[R] Analysing ordinal/nominal data
Piotr Majdak
piotr at majdak.com
Fri Jun 17 11:41:51 CEST 2005
Prof Brian Ripley wrote:
> On Thu, 16 Jun 2005, Piotr Majdak wrote:
>
>> I'm looking for a solution to analyse data, which consists of
>> dichotomous responses (yes/no) for 2 multinomial ordinal variables.
>
>
> Please explain how you get a binary response for a `multinomial ordinal
> variables'? If you intend these variables to be explanatory variables,
> in what sense are they `multinomial'?
My data are results from a pychoacoustical experiment:
- Response: 2 levels, frequencies for "yes"/"no"
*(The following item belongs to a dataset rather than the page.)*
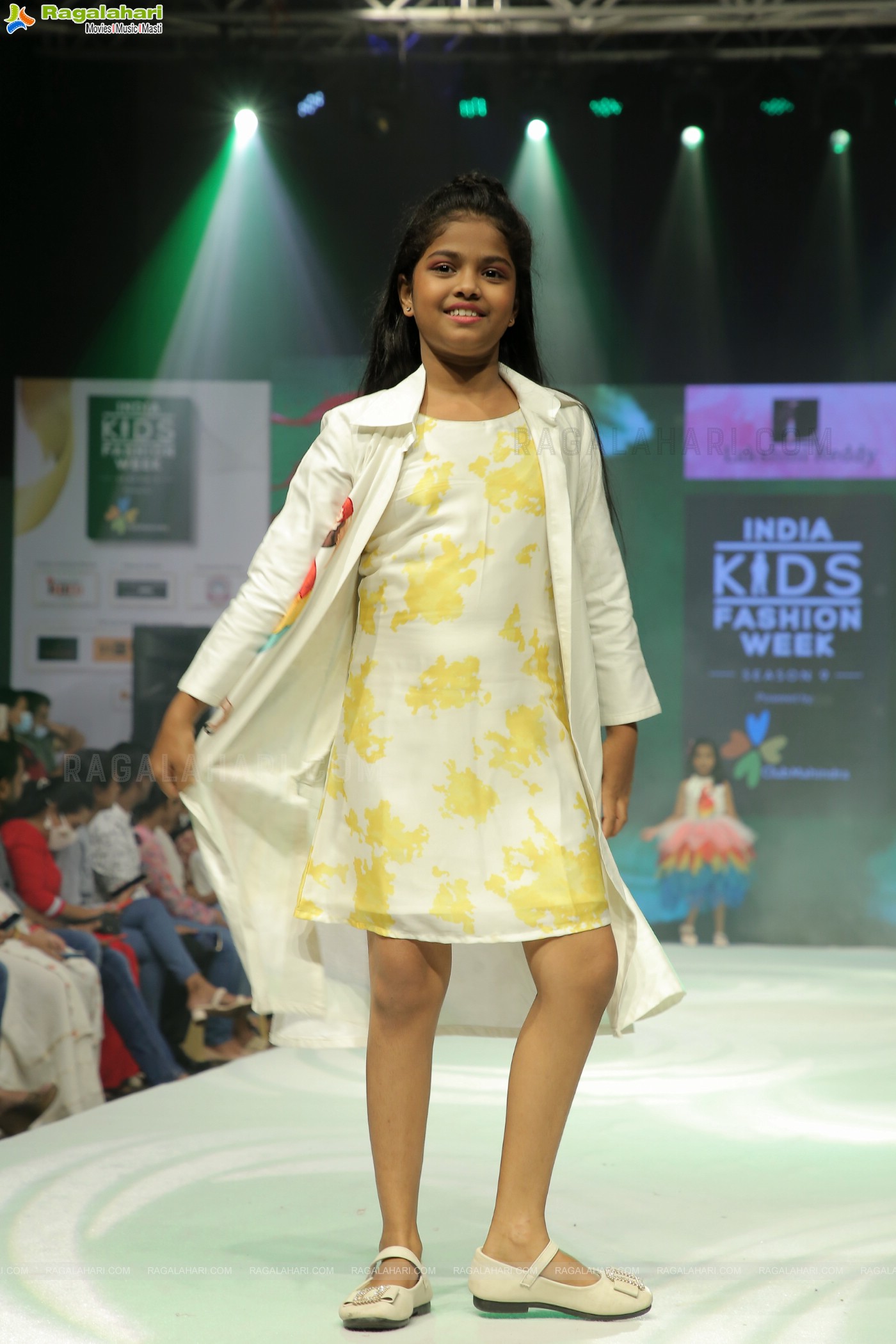 India Kids Fashion Week at HICC Novotel Hyderabad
- PR: factor, independent variable, 4 levels, ordinal
- ENV: factor, independent variable, 3 levels, ordinal
The hypothesis is that:
- PR is independent of ENV, given Response
- Response and ENV are conditionally dependent, given PR
- Response and PR are conditionally dependent, given ENV
The model:
fit=glm(count ~ PR+ENV+Response + PR:Response + ENV:Response,
data=table, family=poisson)
fits with p=0.04 only. My explanations are:
- I have a three-way interaction
- I must consider the ordinal information of PR and ENV
> One normally fits a logistic
> regression to a binary response.
> Probably no `trick' is required, but we need to start from a complete
> and accurate description of the model you want to fit.
I don't know how to include the interaction to the logit model.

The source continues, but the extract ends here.